Definition: An element $\lambda\in K$ is called an eigenvalue of $A$ iff there is a $v\in K^n\setminus\{0\}$ such that $Av=\lambda v$.

Theorem: The matrix $A$ is invertible iff all of its eigenvalues are invertible (i. e. 0 isn't an eigenvalue).


"Eigenvalues" and invertible matrices for rings and modules:
Let $R$ be a commutative ring with a multiplicative identity (so $R^n$ is an $R$-module) and let $B\in R^{n\times n}$ be an $n\times n$-matrix. Then let's define what an eigenvalue of $B$ is:

Definition: An element $\mu\in R$ is called an eigenvalue of $B$ iff there is a $v\in R^n\setminus\{0\}$ such that $Bv=\mu v$.
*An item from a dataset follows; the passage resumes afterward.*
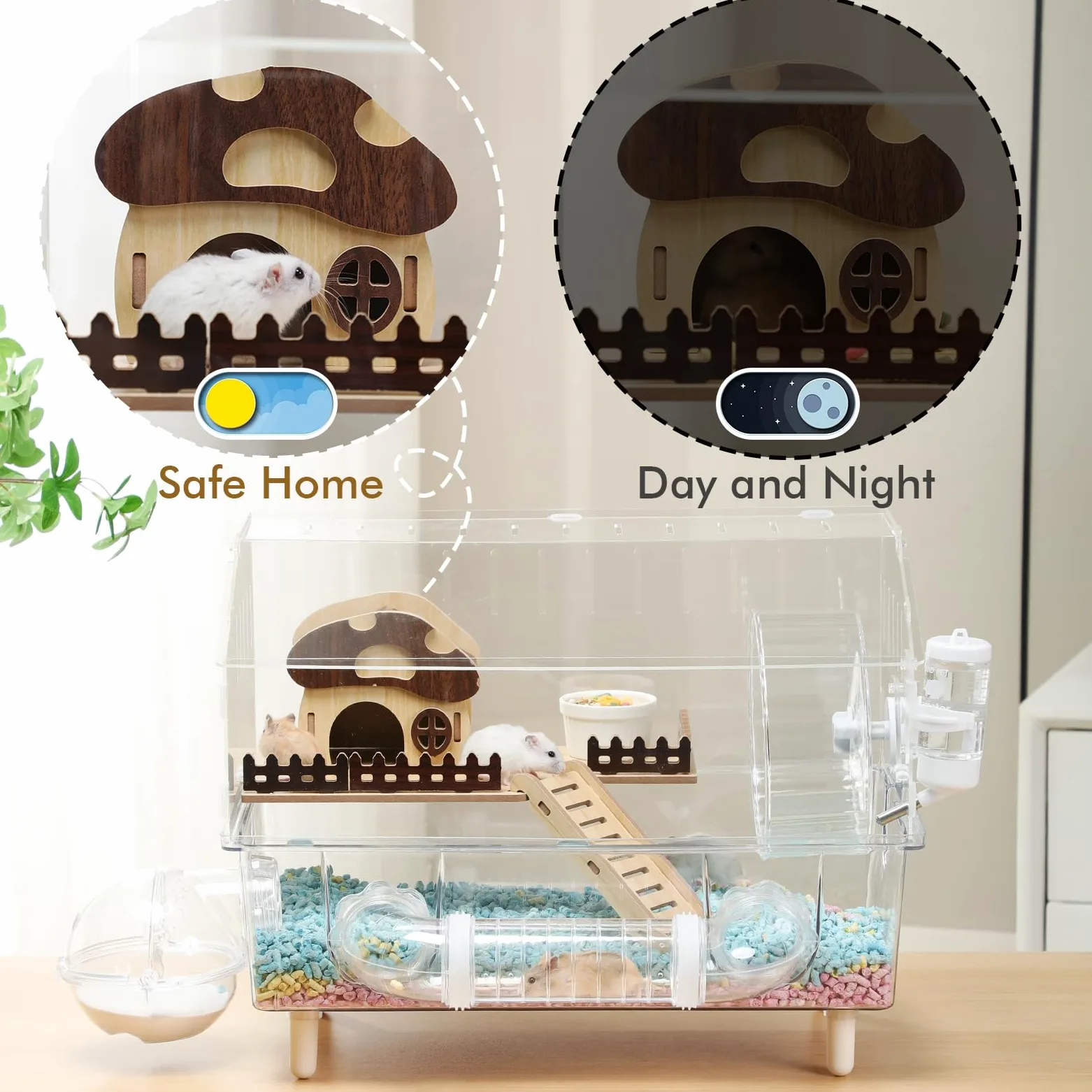 Cage à hamster en acrylique transparent avec roue d'exercice, maison en bois et accessoires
Clearly, it is possible for an $R^{n\times n}$-matrix to have only invertible eigenvalues and not to be invertible itself. Take for example $\begin{pmatrix} 3 & -13 \\ 1 & -3\end{pmatrix}\in \mathbb{Z}^{2\times 2}$. All of its eigenvalues are invertible (simply because it doesn't have any eigenvalues in $\mathbb{Z}$); however the matrix is not invertible (because its determinant is 4 which is not a unit in $\mathbb{Z}$). So the following is for sure false:

Not a theorem! The matrix $B$ is invertible if all of its eigenvalues are invertible (i. e. are units in $R$).

Now, I wonder if the following is true:

Theorem? If the matrix $B$ is invertible, then all of its eigenvalues are invertible (i. e. are units in $R$).

If it is true, how can it be proved? If it is false, what would be a counter-example?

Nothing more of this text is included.